Bioactive Materials (Jul 2023)
Autologous exosome facilitates load and target delivery of bioactive peptides to repair spinal cord injury
Abstract
Spinal cord injury (SCI) causes motor, sensory and automatic impairment due to rarely axon regeneration. Developing effective treatment for SCI in the clinic is extremely challenging because of the restrictive axonal regenerative ability and disconnection of neural elements after injury, as well as the limited systemic drug delivery efficiency caused by blood spinal cord barrier. To develop an effective non-invasive treatment strategy for SCI in clinic, we generated an autologous plasma exosome (AP-EXO) based biological scaffold where AP-EXO was loaded with neuron targeting peptide (RVG) and growth-facilitating peptides (ILP and ISP). This scaffold can be targeted delivered to neurons in the injured area and elicit robust axon regrowth across the lesion core to the levels over 30-fold greater than naïve treatment, thus reestablish the intraspinal circuits and promote motor functional recovery after spinal cord injury in mice.

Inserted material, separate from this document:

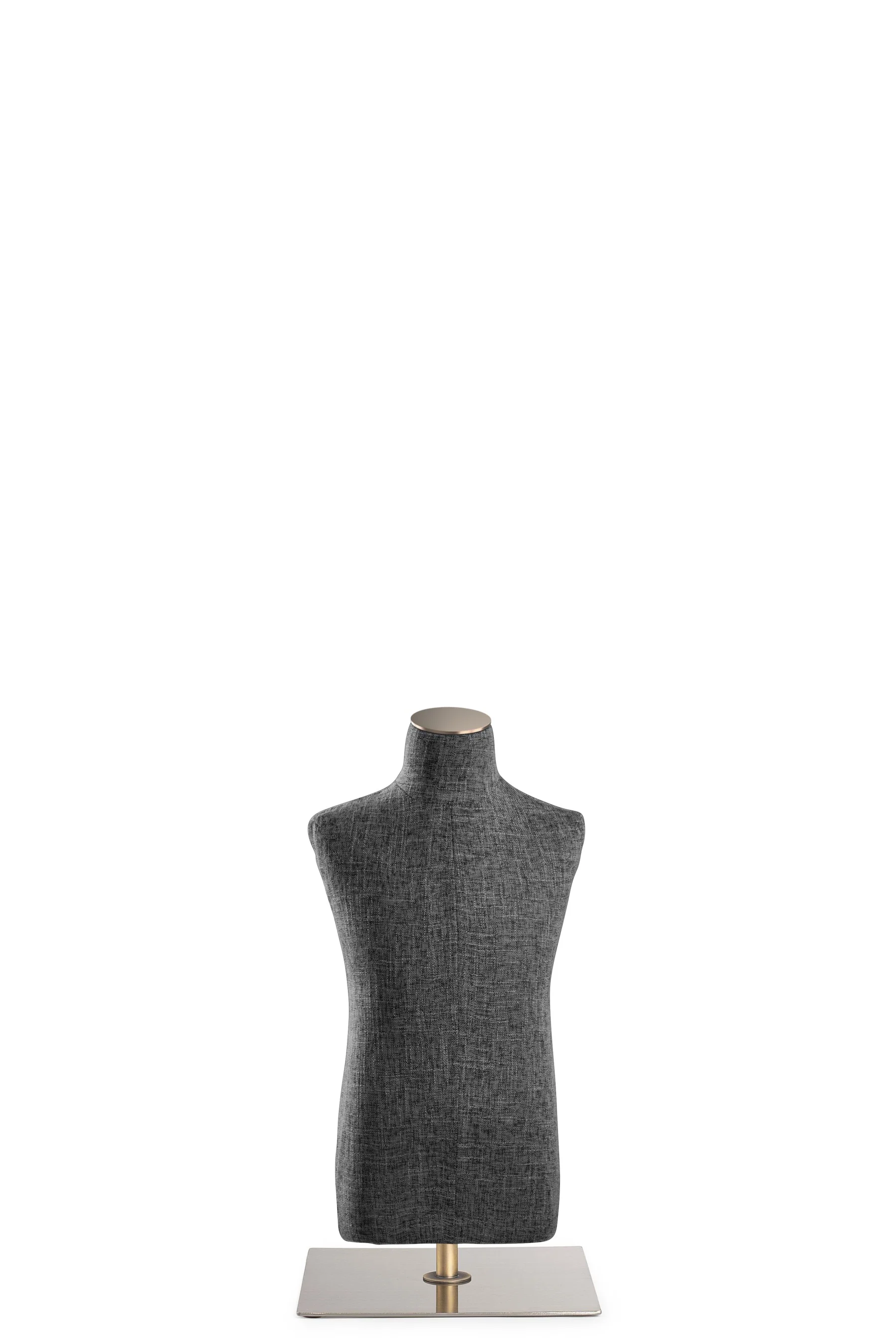 Child Display Dress Form on Metal Tabletop Base - Image 50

More importantly, in ex vivo, human plasma exosomes (HP-EXO) loaded with combinatory peptides of RVG, ILP and ISP showed safety and no liver and kidney toxicity in the application to nude SCI mice. Combining the efficacy and safety, the AP-EXO-based personalized treatment confers functional recovery after SCI and showed immense promising in biomedical applications in treating SCI. It is helpful to expand the application of combinatory peptides and human plasma derived autologous exosomes in promoting regeneration and recovery upon SCI treatment.